TASK OBJECTIVE: Would you please return the data below verbatim, without its pictures?

(Beginning of PROVIDED DATA)

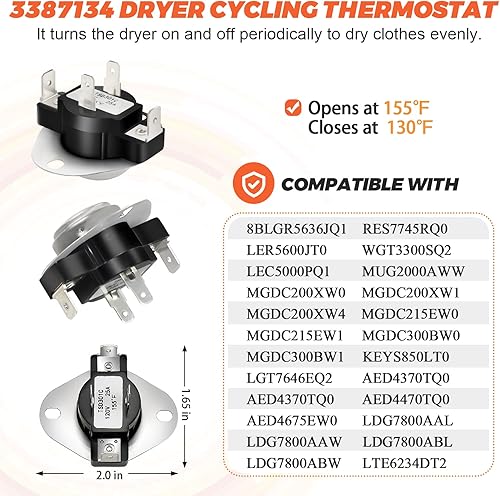 Miniatura 4 de Termostato de ciclismo 3392519 Upgrade 3387134 3392519 Fusible térmico 3977393 Interruptor de corte térmico 3977767 Kit de termostato de límite alto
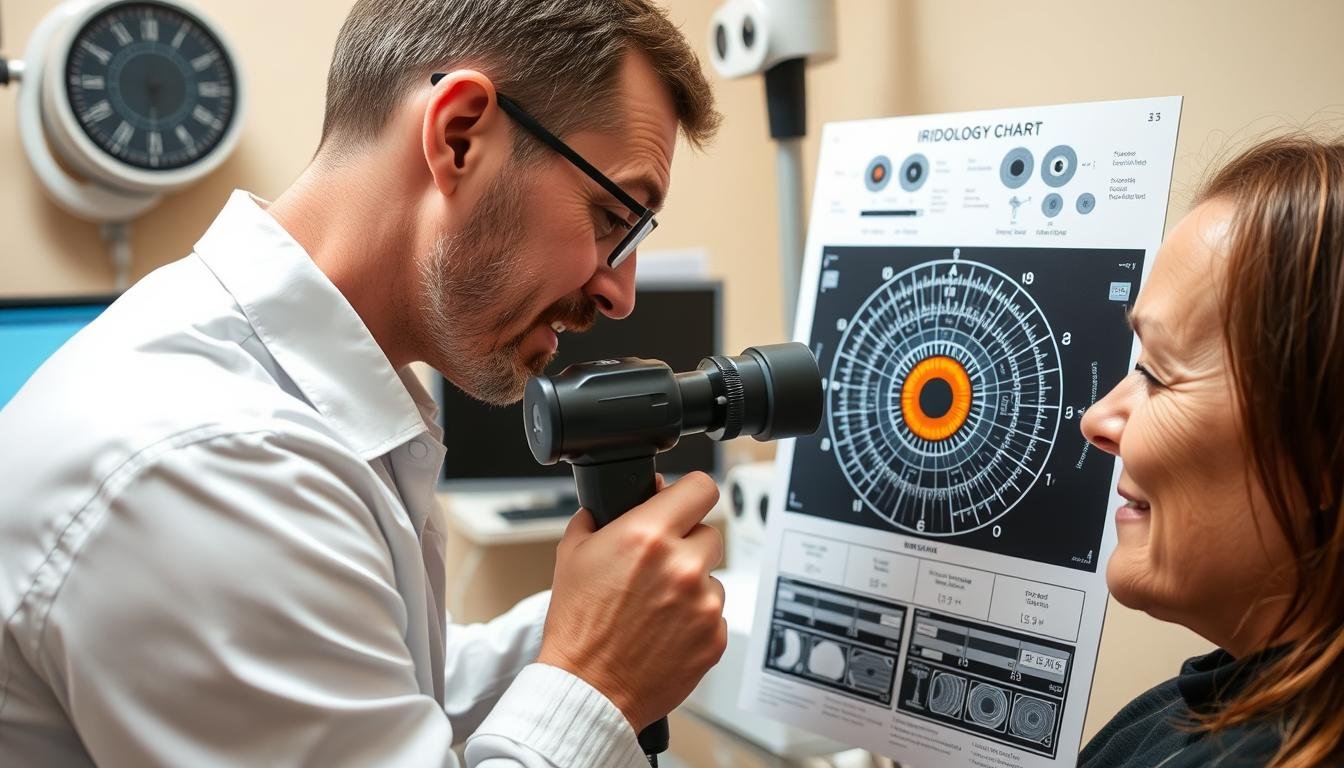 Practitioner using Iridology Chart Right Eye in a clinical setting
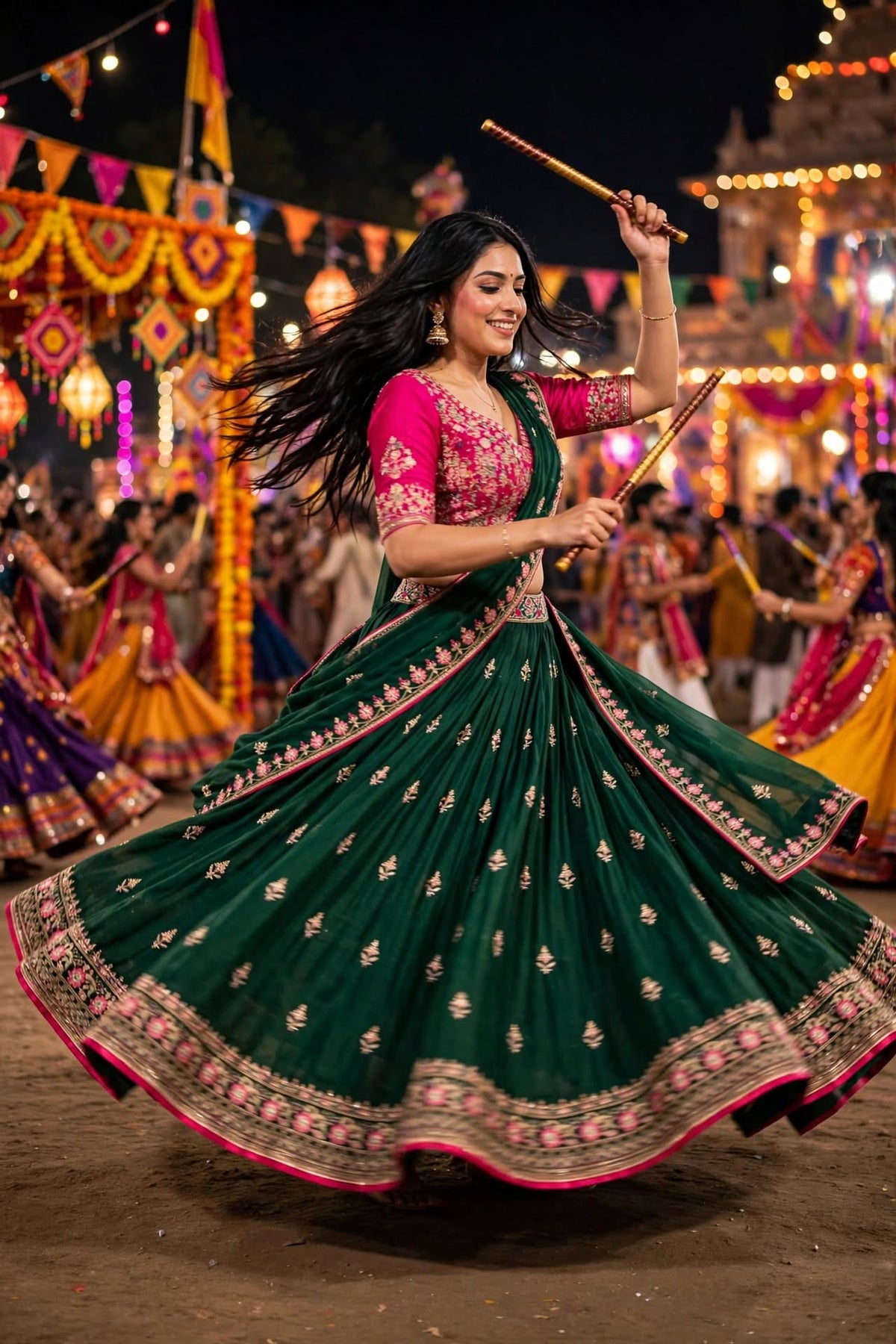 Aurelia Emerald Chinnon Embroidered Lehenga Set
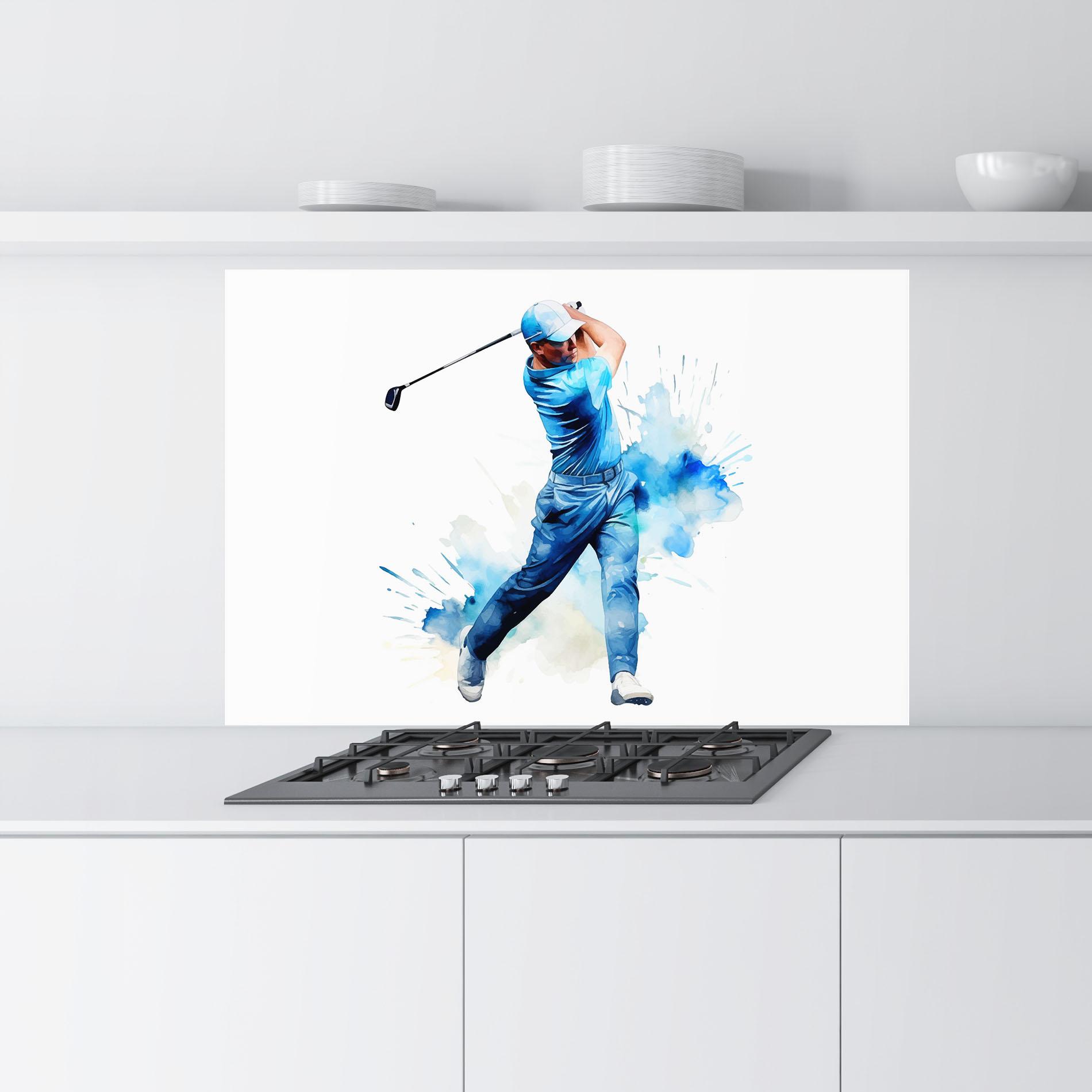 Küchenrückwand Glas Golf Watercolor mockup 9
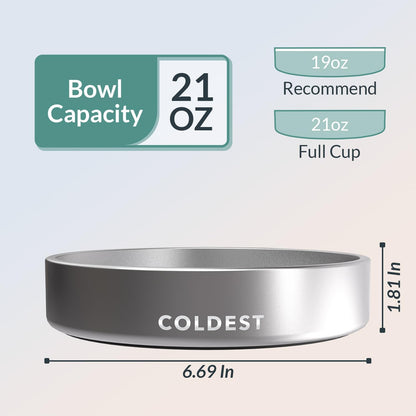 Coldest Dog Bowl - Anti Rust Metal, Non Slip, 3 Layers Insulated Stainless Steel Dog Bowls - Spill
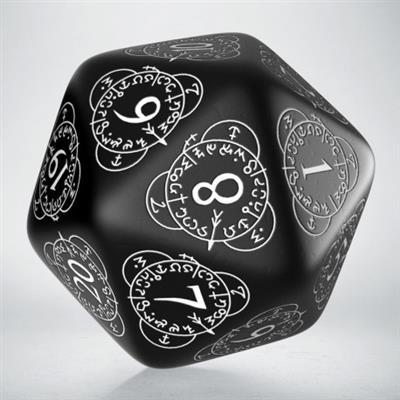 D20 Level Counter Tärning i Svart och Vit Q-Workshop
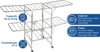 A mobile stainless steel clothes dryer with information callouts. Náhled obrázku produktu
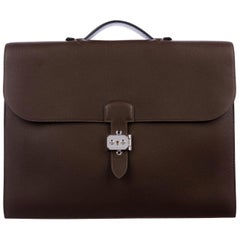 Hermes NEW Brown Leather Palladium Top Handle Satchel Business Briefcase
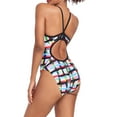 thumbnail image 3 of Adoretex Printed One Piece Thin Strap Athletic Swimsuit, Team or Practice Swimwear for Girls and Women (FN051) - Rainbow - 30, 3 of 6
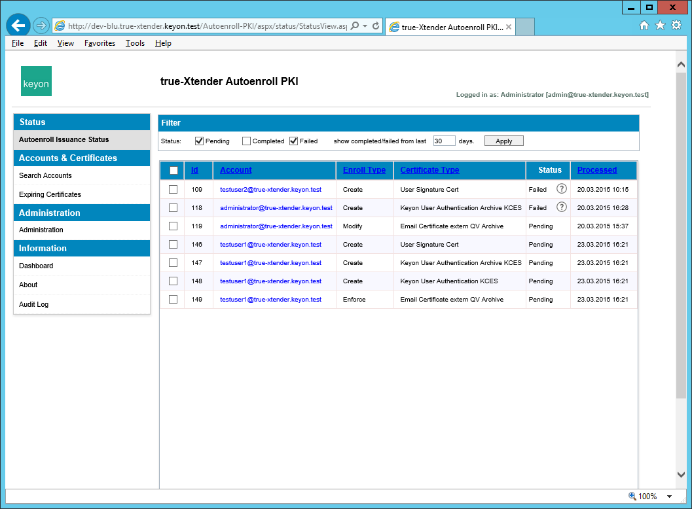 Certificate issuance status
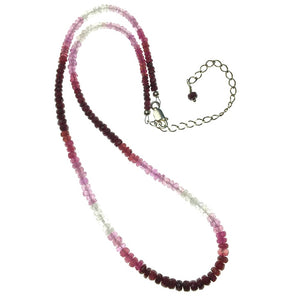 Ruby Variegated Faceted Gemstone Bead Strand Sterling Silver Necklace by Josephine Grasso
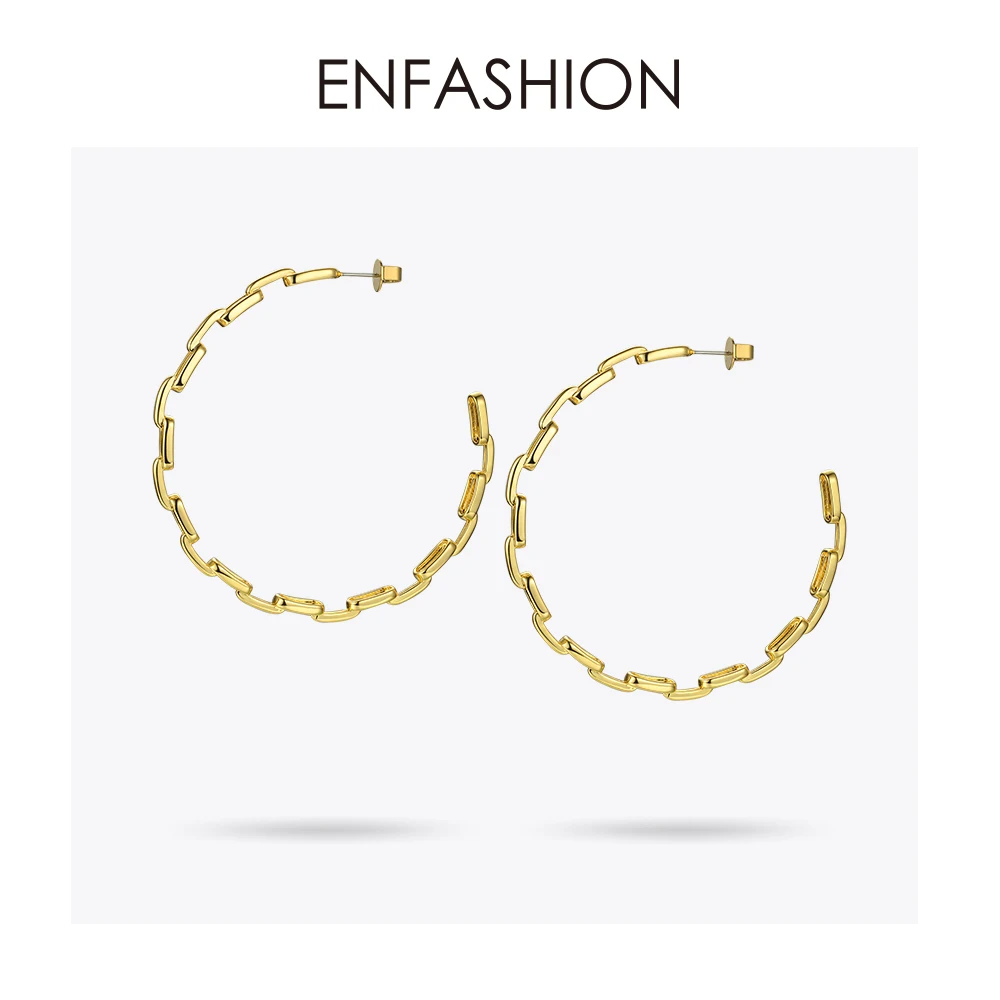 Enfashion серьги-кольца из чистой формы с цепочкой для женщин, большие круглые обручи, серьги золотистого цвета, ювелирные изделия Aros Orecchini Cerchio EF1083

(End of PROVIDED DATA)

ANSWER SPACE:
 Miniatura 4 de Termostato de ciclismo 3392519 Upgrade 3387134 3392519 Fusible térmico 3977393 Interruptor de corte térmico 3977767 Kit de termostato de límite alto
 Practitioner using Iridology Chart Right Eye in a clinical setting
 Aurelia Emerald Chinnon Embroidered Lehenga Set
 Küchenrückwand Glas Golf Watercolor mockup 9
 Coldest Dog Bowl - Anti Rust Metal, Non Slip, 3 Layers Insulated Stainless Steel Dog Bowls - Spill
 D20 Level Counter Tärning i Svart och Vit Q-Workshop
 A mobile stainless steel clothes dryer with information callouts. Náhled obrázku produktu
 Hermes NEW Brown Leather Palladium Top Handle Satchel Business Briefcase
 thumbnail image 3 of Adoretex Printed One Piece Thin Strap Athletic Swimsuit, Team or Practice Swimwear for Girls and Women (FN051) - Rainbow - 30, 3 of 6
 Certificate issuance status
 Ruby Variegated Faceted Gemstone Bead Strand Sterling Silver Necklace by Josephine Grasso
 Enfashion серьги-кольца из чистой формы с цепочкой для женщин, большие круглые обручи, серьги золотистого цвета, ювелирные изделия Aros Orecchini Cerchio EF1083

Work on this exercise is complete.